**About this exercise:**
Copy exactly the lines from the beginning of the data down to and including the line holding "Hello everyone, welcome", without any pictures.

**Given data:**
--------
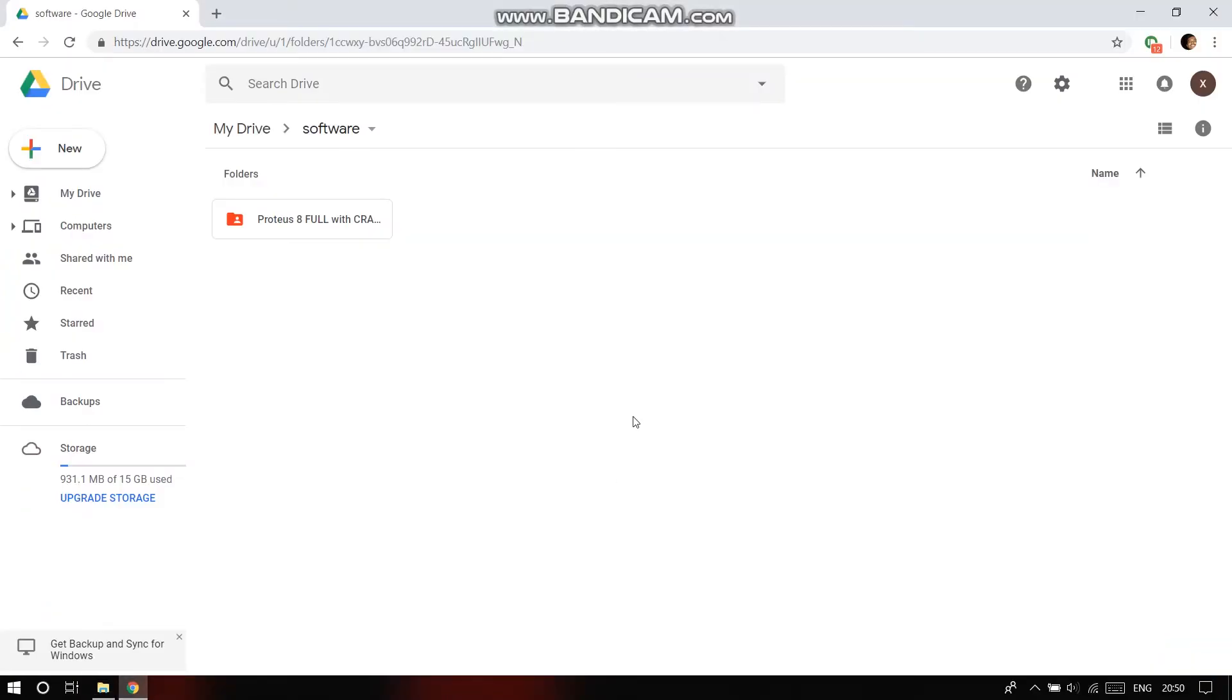This is how we shall install the Proteus software in order for the simulation of Arduino. First, download the Proteus software from the given link in the description below, and once you download and extract it you'll find these files.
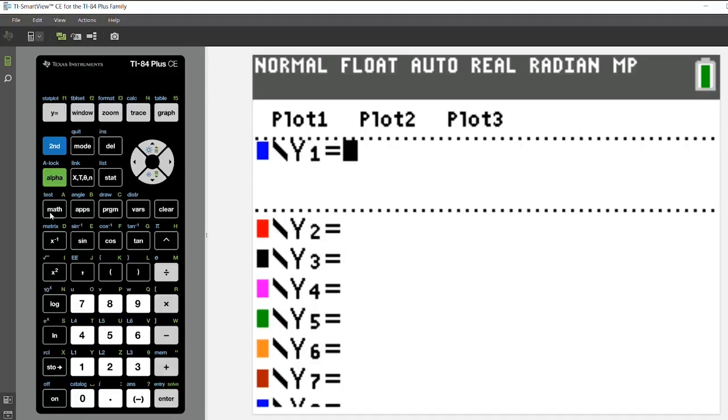The first thing I've done, I've gotten to the Y equals menu, and I want to put in a piecewise template into Y1.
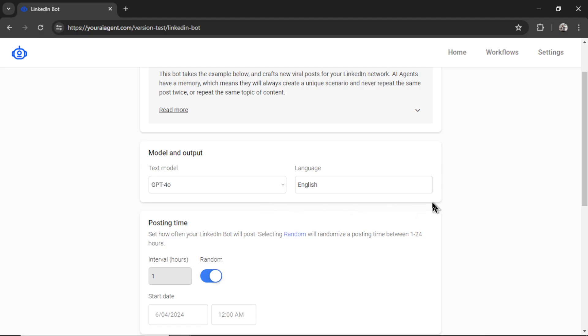I'm going to keep the language at English. But you can change it to whatever language your audience speaks.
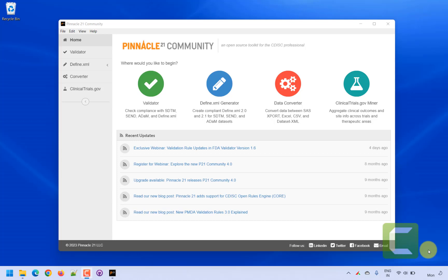Hello everyone, welcome back to this video series on clinical SAS programming. In this video we will see how to create define.xml using Pinnacle 21 Community. I have Pinnacle 21 Community version opened on the desktop — you can download it from the Pinnacle 21 website.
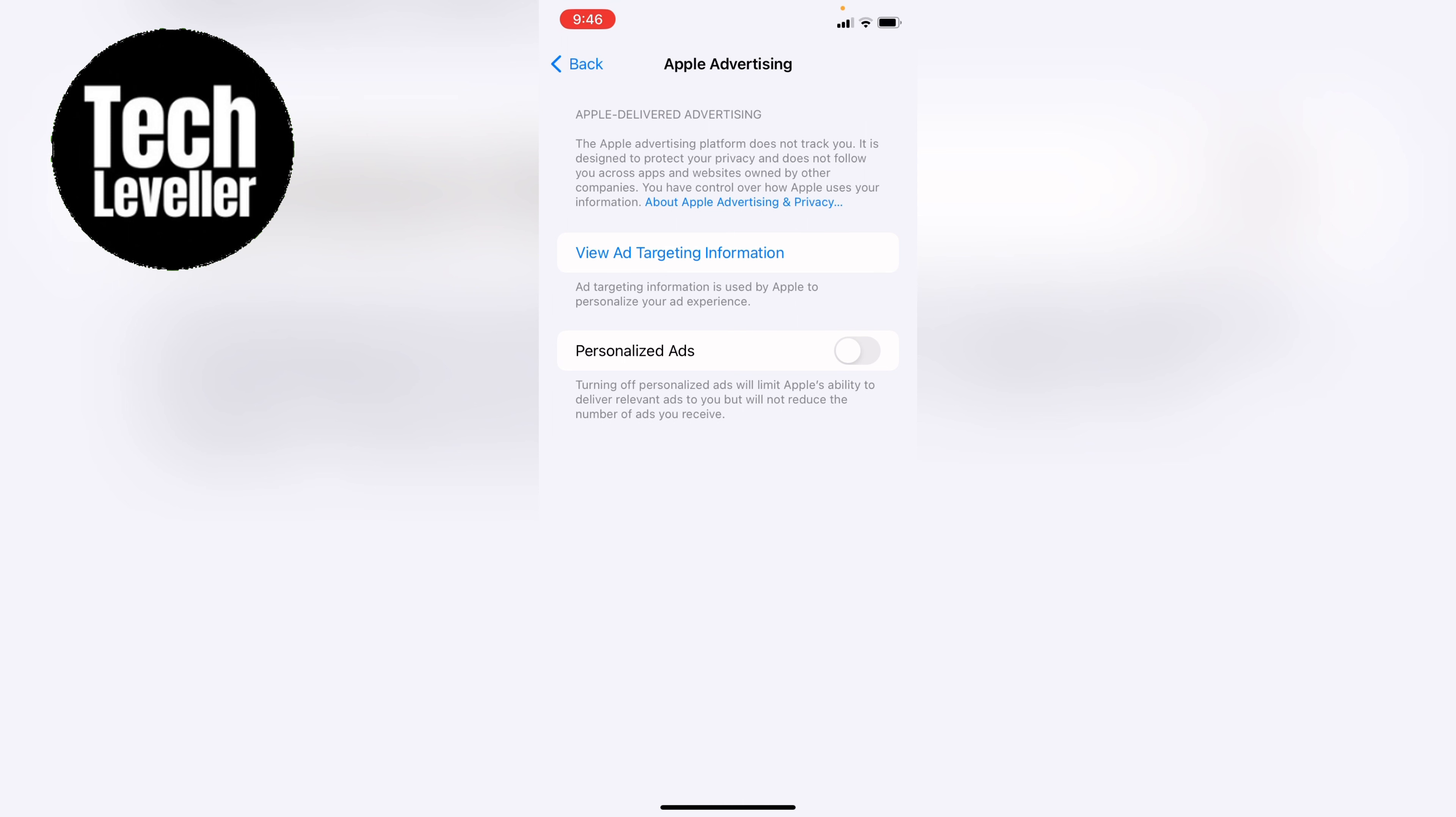So that's how to turn off personalized ads on your iPhone or iPad. I hope you found that video helpful. If you did, smash the like, smash the subscribe, and most of all, thanks so much for watching.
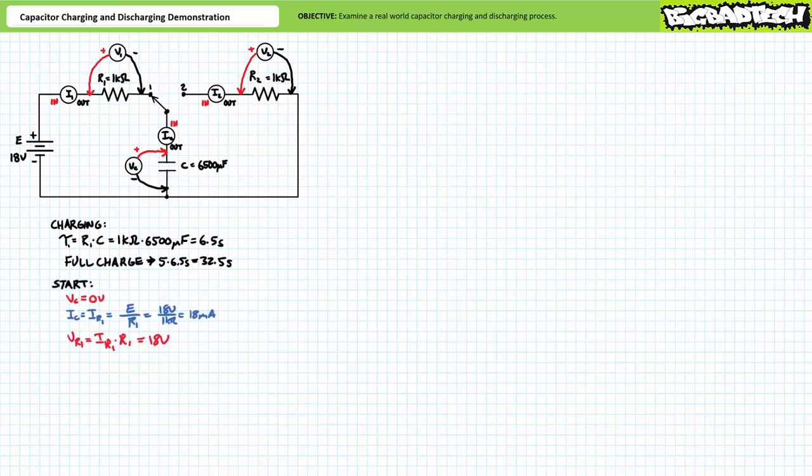At the onset of the charge process, the initially uncharged capacitor can be modeled as a short circuit. Voltage across R1 will be 18 volts and voltage across the initially uncharged capacitor will be zero volts. Ohm's law demonstrates R1 and every element in series with it will experience an initial burst of 18 volts over 1000 ohms, or 18 milliamps of current. Given the switch in position one isolates R2, no current will flow through it and no voltage will be dropped across it. These are the start points for the charge process.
--------
**Finished exercise:**
This is how we shall install the Proteus software in order for the simulation of Arduino. First, download the Proteus software from the given link in the description below, and once you download and extract it you'll find these files.
The first thing I've done, I've gotten to the Y equals menu, and I want to put in a piecewise template into Y1.
I'm going to keep the language at English. But you can change it to whatever language your audience speaks.
Hello everyone, welcome back to this video series on clinical SAS programming. In this video we will see how to create define.xml using Pinnacle 21 Community. I have Pinnacle 21 Community version opened on the desktop — you can download it from the Pinnacle 21 website.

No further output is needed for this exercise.